The first method tested transforms the input to the float data type, adds the gaussian noise and transforms the output back into uint8.
- Note that we don't necessarily have to move the input image's representation range from [0, 255] to [0, 1] and back, as those conversions are performed per-pixel and can be slow on big images. Instead, as the noise is going to be multiplied by the sigma parameter anyways, we can use the sigma * 255 as a coefficient instead (and then add mean * 255), thus saving two floating-point array-wide operations.
The second method involves less floating-point operations, opting to convert both the noise and the input image to an intermediate data type (int16) to then perform the addition and finally transform the result back into uint8.
- Again, we multiply the noise by sigma * 255 and add mean * 255 before transforming the output to int16.
- Using a signed, bigger integer dtype is essential here, as we need to both cover the legitimate [-255, 255] range that the noise tensor would theoretically generate, and also have a margin to be able to clamp pixels that might lie outside said range. in16 offers a range of [-32_768, 32_767], which is more than enough for our use case.
- We have also tested some other configurations for this setup, like converting the noise to int16 before adding the mean (thus performing addition of ints instead of floats), rounding the result (to have more accurate results at a performance cost) and performing implicit conversions of data types instead of an explicit ones.
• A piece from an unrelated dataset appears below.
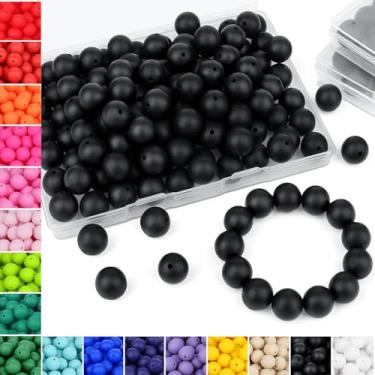 Imagem de NUKAYAI 70 peças de contas de silicone pretas de 15 mm para fabricação de chaveiros, contas de silicone redondas de borracha para fazer pulseiras e colar faça-você-mesmo (preto)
I've created a separate repo to host both the benchmark and the validation code (and results!) for these implementations. Here's the TL;DR:

The 'intermediate int' approach is significantly faster on the consumer CPUs tested (ryzen 2600 & ryzen 5600), being at least 1.3x faster than converting the input image to a floating-point format and back.
- Note: the speedup here is done with the largest input image my computer was able to process (8500x8500). Differences with tiny inputs (100x100) are negligible (1.05x), but results with 1000x1000 images can exceed a 2x speedup (!?!?)
- Also, we've tested different dtypes for every method (e.g. {float16, float32, float64} for the floats and {int16, int32, int64} for the ints). We're taking the best result out of every combination of dtypes.
Results on the GPUs tested (gtx1070ti & rtx3060ti) are a bit more nuanced. On the 1070ti, this same method is 1.17x faster, while on the 3060ti it's 0.95x as fast (so just a bit slower).
- That's @ 8500x8500. On 1000x1000 once again results are better (1.3x on 1070ti, 1.06x on 3060ti).
Generating the noise with 32-bit floats is fastest on CPUs. On GPUs, using 16-bit floats is generally a bit more performant. int16 is almost always the best intermediate int dtype.
Implicit conversion for some reason is faster on GPUs, while there's next to no difference on CPUs. Outputs are identical on both settings.
In the 'intermediate int' approach, rounding the noise before converting to int16 is slightly slower on all hardware (0.93x speed), and outputs are indistinguishable in spite of this better numerical precision. Leaving this off only leaves a very slight bias that lowers the effective standard deviation by about 0.3 * (1/255).
Finally, also in the 'intermediate int' approach, converting the noise to int16 before adding a rounded mean parameter doesn't get us a significant speedup (even some slowdown was measured depending on hardware).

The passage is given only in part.